## Problem requirements
After finding the line that contains "pineapple rice action shot" in the entries below, retype it and every following line precisely, the last included.

## Scraped caption text data
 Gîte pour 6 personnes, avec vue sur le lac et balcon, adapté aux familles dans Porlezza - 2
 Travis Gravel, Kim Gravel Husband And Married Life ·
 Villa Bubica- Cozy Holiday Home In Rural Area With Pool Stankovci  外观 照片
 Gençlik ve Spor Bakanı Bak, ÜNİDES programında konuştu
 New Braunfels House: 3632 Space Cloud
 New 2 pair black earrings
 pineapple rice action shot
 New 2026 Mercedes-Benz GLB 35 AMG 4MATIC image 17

## Response to this exercise
 pineapple rice action shot
 New 2026 Mercedes-Benz GLB 35 AMG 4MATIC image 17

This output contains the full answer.